Michael’s smile was full of gratitude. “Thanks. I’ll take all the help I can get.”
Cara called Dana to find out where she was, and Dana was immediately suspicious of her. “What’s the matter?” Cara wished she’d taken care to sound less freaked out.
“Before I answer, where are you? Have you heard from Will?”
“I’m at my hotel in Dallas. And no, I haven’t talked with him today. Why?”
“When do you get back to Philly?”
Dana consulted her itinerary. “Noon tomorrow. What’s going on?”
She struggled to think of a plausible lie. “I need to consult with you about something.” She knew she sounded lame.
“So, go ahead and tell me what’s up.” Cara remained silent for too long…“Cara, you’re worrying me.”
“I’d prefer to talk to you in person,” Cara hedged until inspiration finally struck. “Can I meet you at your house?”
“That’s it. Tell me what’s going on right now.”
“You don’t need to worry about anything. Anything at all. I just, sort of, have some ideas for a new business, and I…have an immediate opportunity. And I want to go over it with you. And Will. I already talked to Will this afternoon a little bit.” She thought this last lie might help rope Dana in. It did.
“Oh.” Dana sounded mollified. “Well that’ll be fine. I’ll call my office and tell them I won’t be in until Friday and we can have the afternoon. I’ll be glad to help you out.”
“Great!” Cara gushed, which Dana apparently disliked.
“You really don’t sound right, Cara. Do you have to buy a building by the end of the week or something?”
“Something like that. I’ll let myself in and wait for you tomorrow. I’ll see you then.” She hung up.
* * * *
John had his assistant clear his calendar for the rest of the week. Cara called Alicia, and, citing a family emergency, requested she keep Everett overnight, which she agreed to do. The plan was first to intercept any suicide message from Will, and then intercept Dana, herself. They could have flown and avoided the time commitment involved in a road trip but they expected to keep Dana as mentally compromised as possible when they brought her back and didn’t want an audience for that effort. Cara offered to drive.
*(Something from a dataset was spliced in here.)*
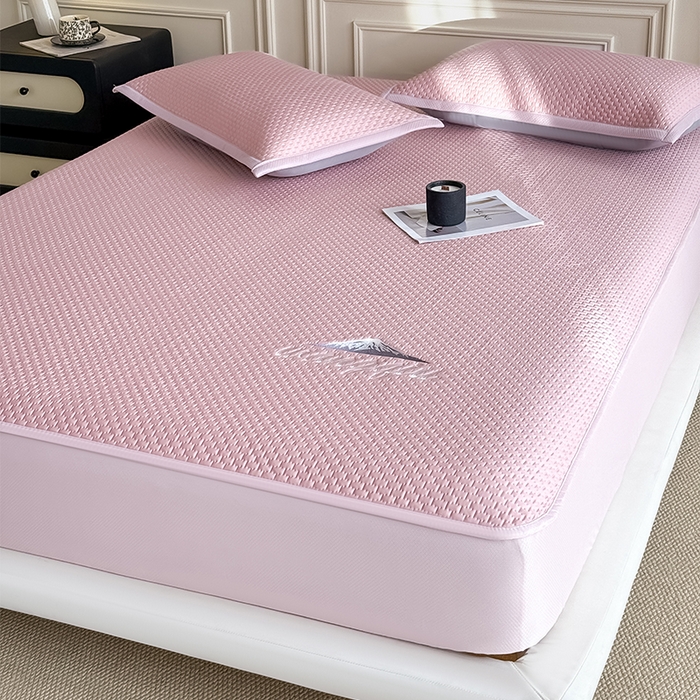 91家纺网 家纺一手货源 找家纺 人人爱家纺 2026新款冰豆豆刺绣软凉席床笠 富士山-粉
“We’ll know more when we get to the house,” Carmen opined once they were down the road. “I mean, if he left a note, we can maybe figure something out by reading it. And then we can have Dana make any necessary arrangements for them both to be gone, ideally without too much fuss.”
“What’s happening with Will?” John inquired.
“Anna and Michael—and Lydia and Bridget, who insisted on, oh, let’s call it
helping
—are taking him to Shaddox. He’s going through delirium tremens, more easily than most, since the Seward women have him pretty well sedated. He has absolutely no idea what’s going on, which I suppose is a good thing.”
Cara couldn’t contain her curiosity any longer. “What are we going to do with them both?”
“Don’t tell any of Sewards,” Carmen replied, “but my sense is their marriage could and should be fixed. I think we’re going to try some standard, old-fashioned hazing to try and get Dana and Will back together.”
John’s gaze was thoughtful. “We could take them to see Xanthe.”
Cara was confused. “Who’s Xanthe?”
“She’s a kind of diplomatic counselor for our people,” John informed her. “She judges in matters requiring stronger resolution than we can achieve on our own. She’s dangerous, occasionally terrifying, and she resolves conflict like nobody’s business.”